There’s no ‘must’ here, but generally source documents, e.g. PDFs of academic papers, are stored outside Tinderbox and accessed via links to DEVONthink, Bookends, or the like; or, by using Finder via direct links to the papers on your hard drive.

It is worth stepping back an assessing what must be done in a particular way and why (e.g.: why must the PDFs be in the doc?) vs what assumed to be necessary. This helps surface assumptions and allows the unverified ones to be tested against the intended workflow tools. There’s no failure in doing so; indeed, it often helps clarify the process and avoid diving in and just hoping all the assumptions hold true.

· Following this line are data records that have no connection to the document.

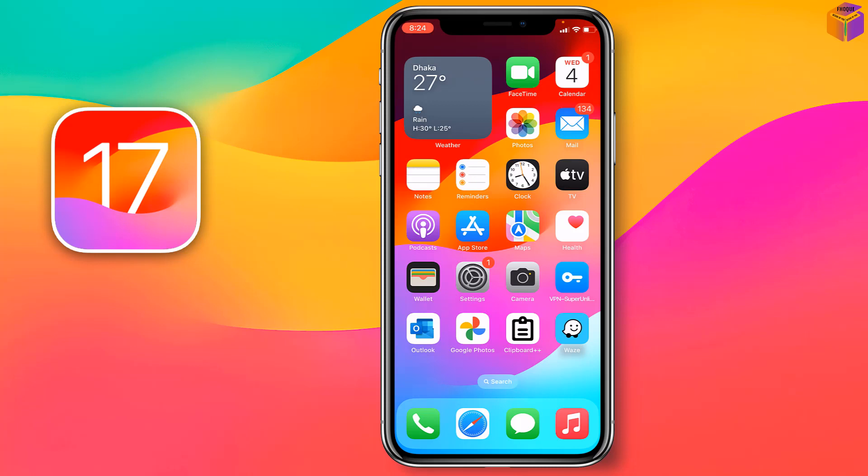Friends, today I'm going to show you how to change Instagram notifications sound on iOS 17.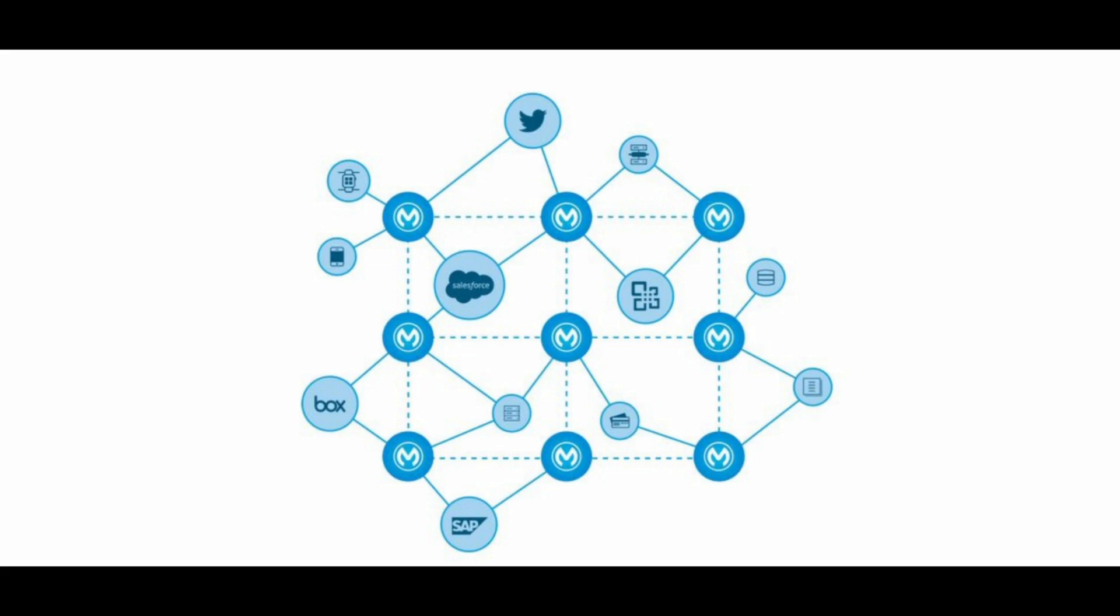MuleSoft provides a range of tools and services to help businesses connect their applications, data, and devices, including a graphical user interface for designing and building integrations, pre-built connectors to popular systems and applications, and an API platform for controlling and monitoring access to data and services.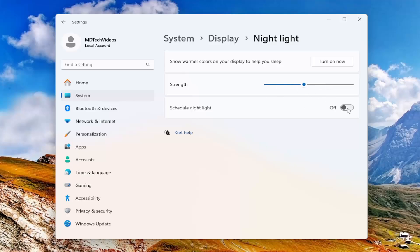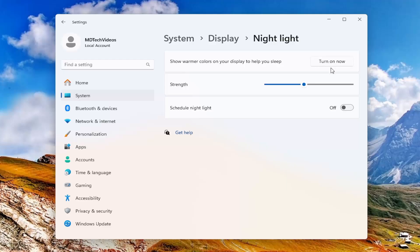So that's just something to take into consideration. You can also schedule the nightlight as well, but again, if you just want to turn it off entirely, just make sure turn on now is selected, which means it's presently turned off.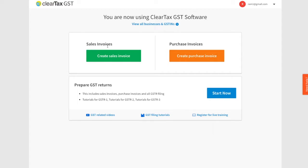Invoices form the basis of any business's GST journey. All the financial transactions, primarily sales and purchases, are recorded on the basis of these documents. Therefore, as a user, you will find yourself using the invoice module of your ClearTax GST software very frequently.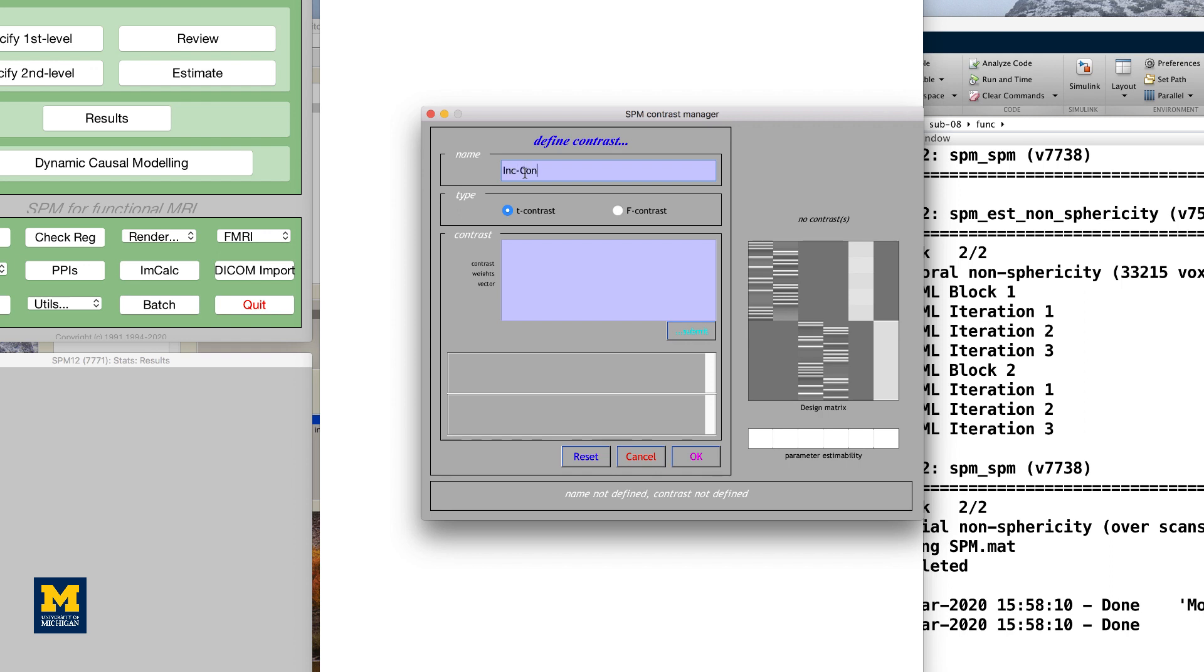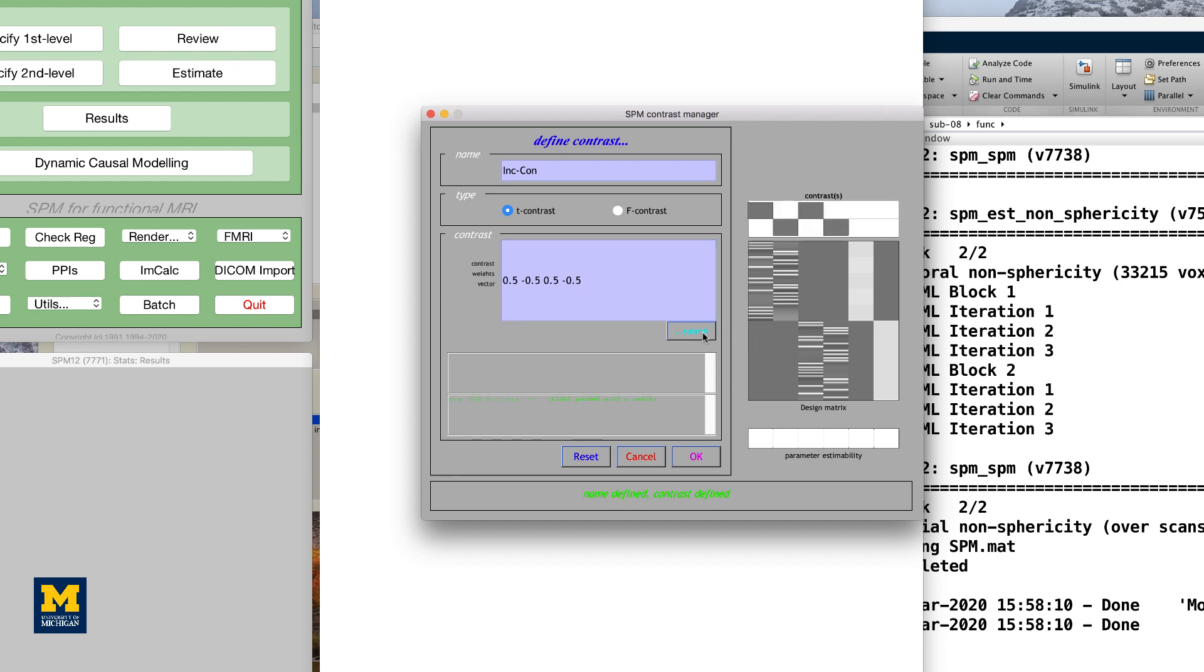Then, in the Contrast Vector window, type 0.5 -0.5 0.5 -0.5, and then click Submit. If the contrast is valid, you should see green text at the bottom of the window saying Name Defined, Contrast Defined. Make sure that your contrast manager looks like the figure below, and then click OK to create the contrast.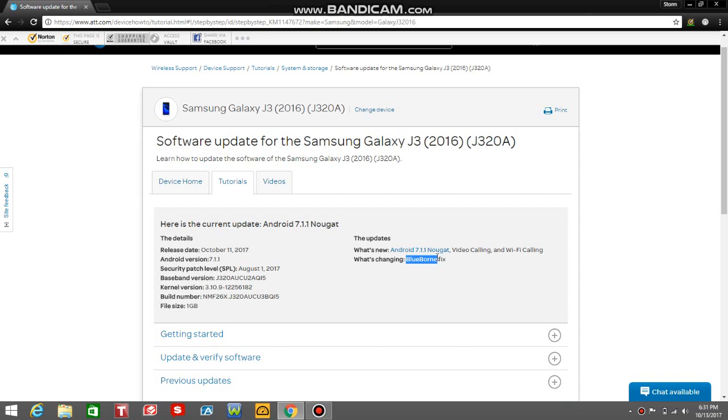This is for AT&T postpaid and prepaid. When the J3 launched, it came with 6.0 Marshmallow. I don't know if it got 7.0—I'm pretty sure it got 7.0, I'm sure it did at some point. But it depends on what carrier you use.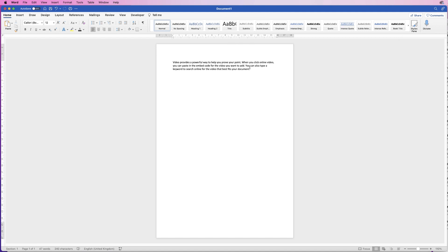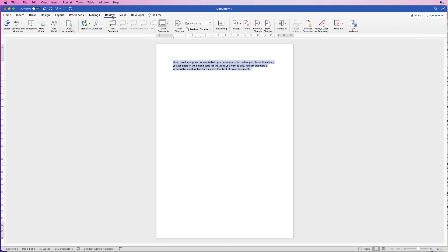Now if we want Word to read this back to us, we can select it all. We can go up to the review tab and there's an icon here that says read aloud. Just click on that.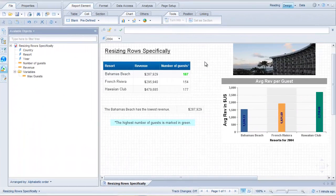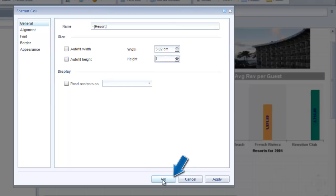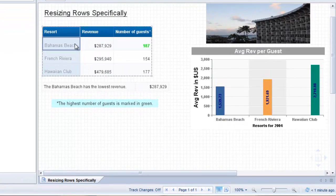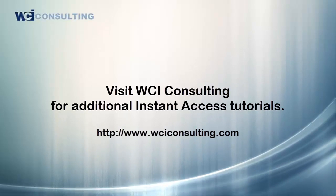Resizing Rows Specifically Using Format Cell to Set a Value — a WCI Consulting Instant Access Tutorial. Once you have designed and run a Business Objects report, you might find that the rows of a table should be resized. There are a couple of different methods to change the height of a table row. In this example, we will change the height to a specific value by using the Format Cell dialog box.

rkaplan · January 1, 2021, 4:50pm

That is good advice - thanks

I agree that storing the PDFs in Tinderbox would be excessive for multiple reasons.

I do want to store the abstracts in Tinderbox however - that is necessary so that I can create Agents to act on the citations.

Bookends does a good job now of importing citations including abstracts and Zotero can do so somewhat less elegantly. But neither imports the full metadata. In particular it would be nice to bring over the MESH categories which PubMed/National Library of Medicine use for searching/categorizing citations as well as the metadata for articles cited and article cited by. That info is all in the full Pubmed XML data, which can be retrieved programmatically by a URL with search parameters. If we can import and unpack that XML metadata into Tinderbox by referencing such a URL, it would be quite helpful for anyone using Tinderbox for medically related projects.